WHAT YOU SHOULD DO |
Only an exact copy is wanted: the lines from the one holding "삼오부동산공인중개사사무소 이미지" through the last line below, minus the pictures.

RECORDED INFORMATION |
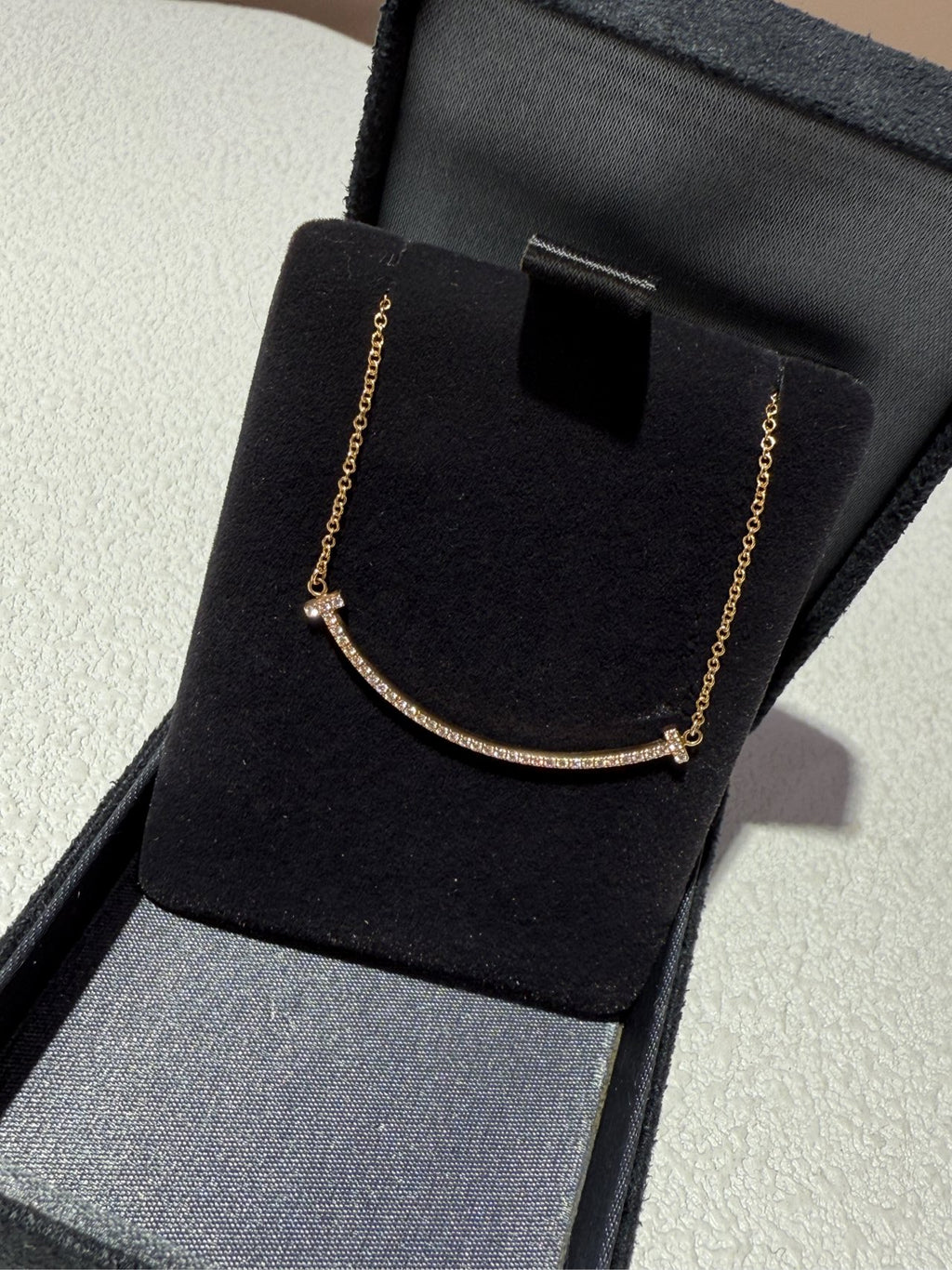 Chanel COCO bracelet Necklace J12365
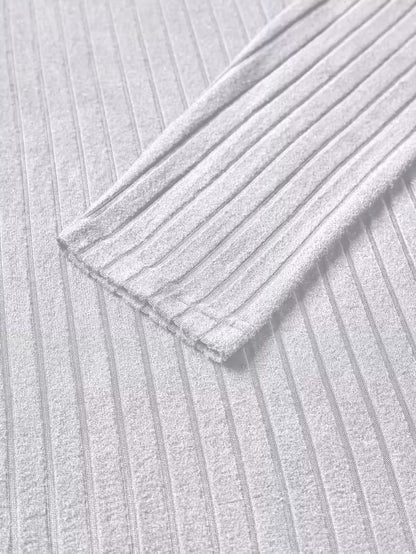 HENLEY A COSTE SCOLLO A V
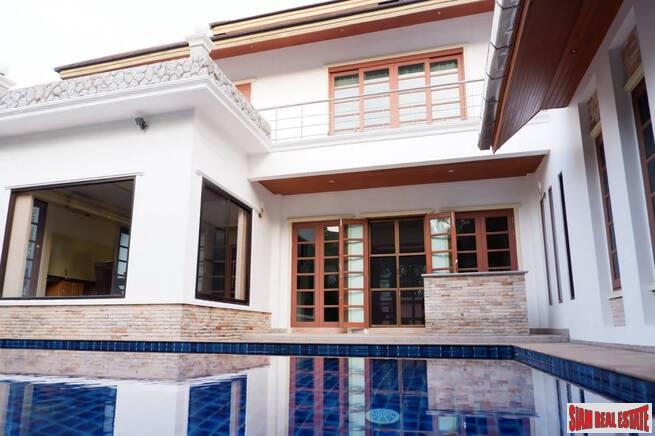 Property - For Rent-6
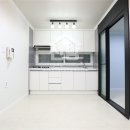 삼오부동산공인중개사사무소 이미지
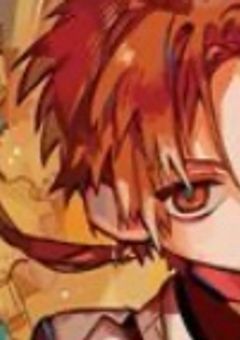 知ってる?もう1人の時計守の話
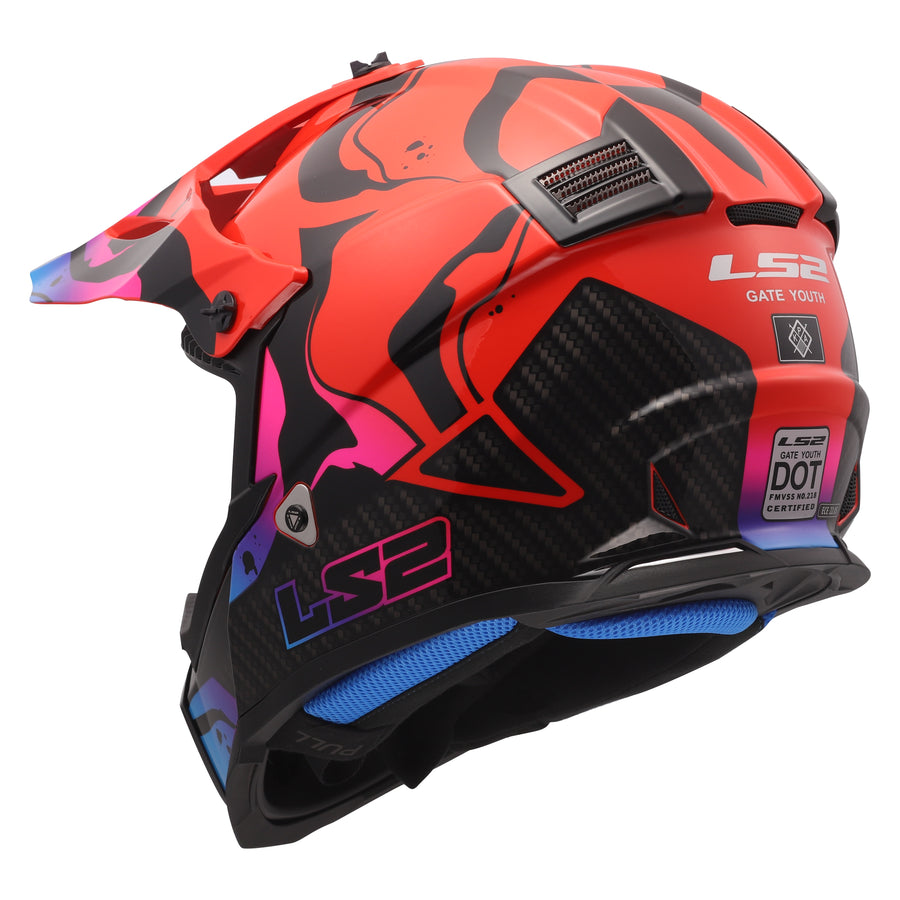ls2:https://portal.ls2usa.com/images/helmets/GATE_YOUTH_WASH_RBP_(4).jpeg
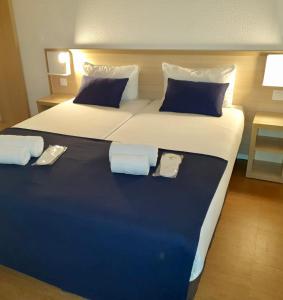 Hotels Budget Hotel - Melun Sud Dammarie Les Lys : photos des chambres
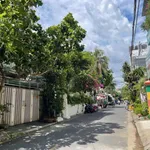 Bán đất mặt tiền Hoa Lư Nha Trang 181.8m² 25 tỷ - Ảnh thu nhỏ 2
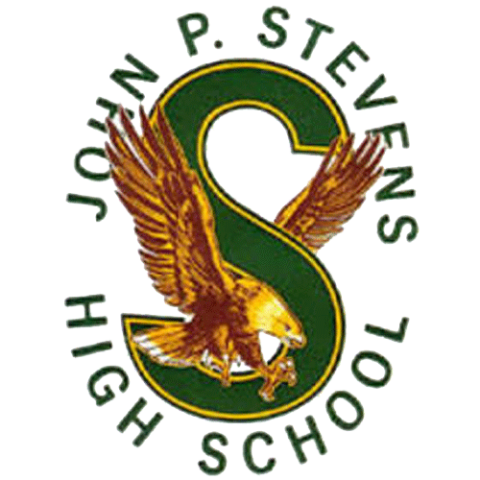 Stevens Hawks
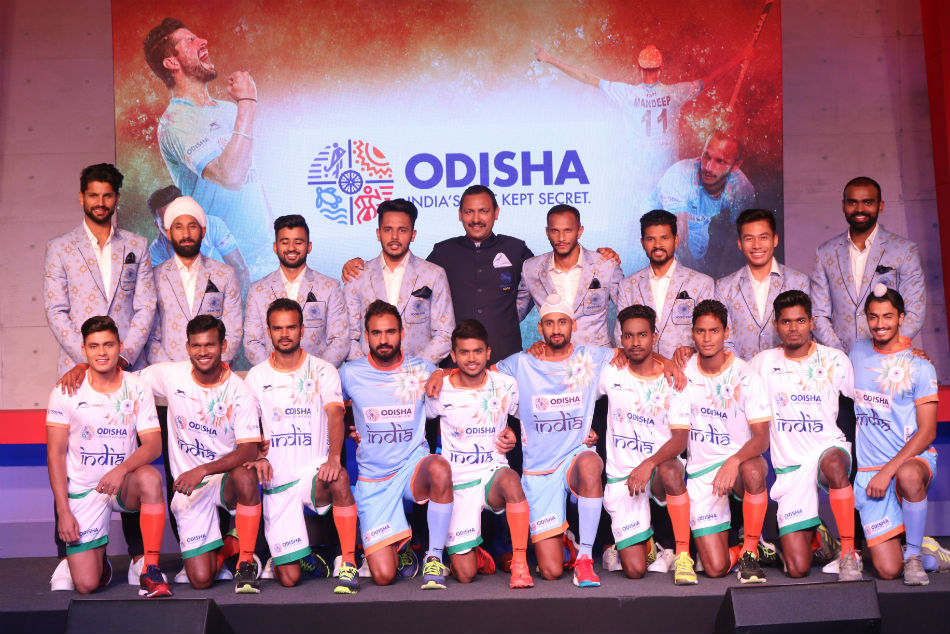 Hockey India Withdraws From Birmingham Cwg Citing Covid Concerns Discriminatory Quarantine Rules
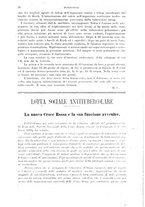 giornale/RML0024275/1920/unico/00000040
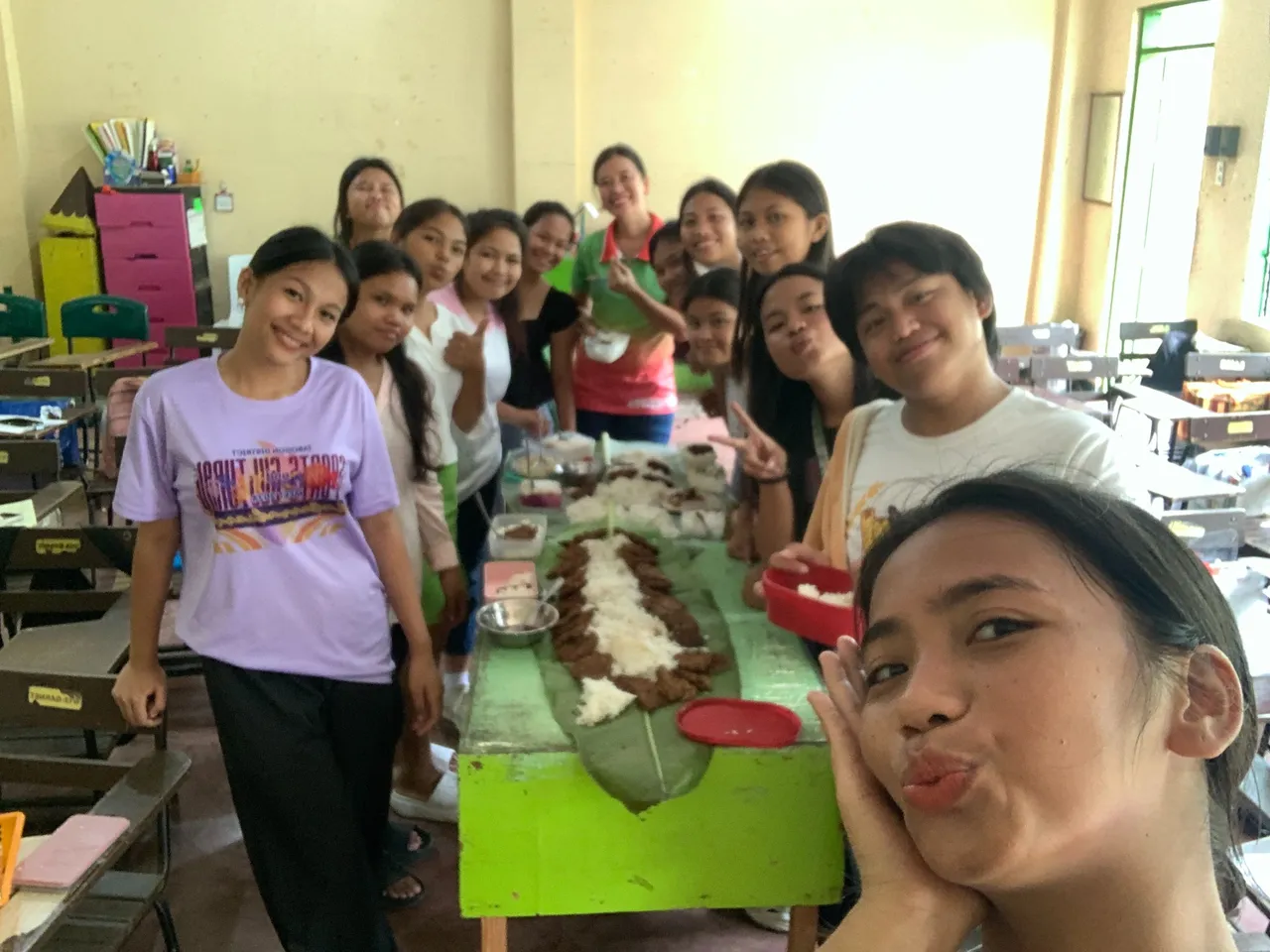 received_631714389626819.jpeg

RESPONSE BOX |
 삼오부동산공인중개사사무소 이미지
 知ってる?もう1人の時計守の話
ls2:https://portal.ls2usa.com/images/helmets/GATE_YOUTH_WASH_RBP_(4).jpeg
 Hotels Budget Hotel - Melun Sud Dammarie Les Lys : photos des chambres
 Bán đất mặt tiền Hoa Lư Nha Trang 181.8m² 25 tỷ - Ảnh thu nhỏ 2
 Stevens Hawks
 Hockey India Withdraws From Birmingham Cwg Citing Covid Concerns Discriminatory Quarantine Rules
 giornale/RML0024275/1920/unico/00000040
 received_631714389626819.jpeg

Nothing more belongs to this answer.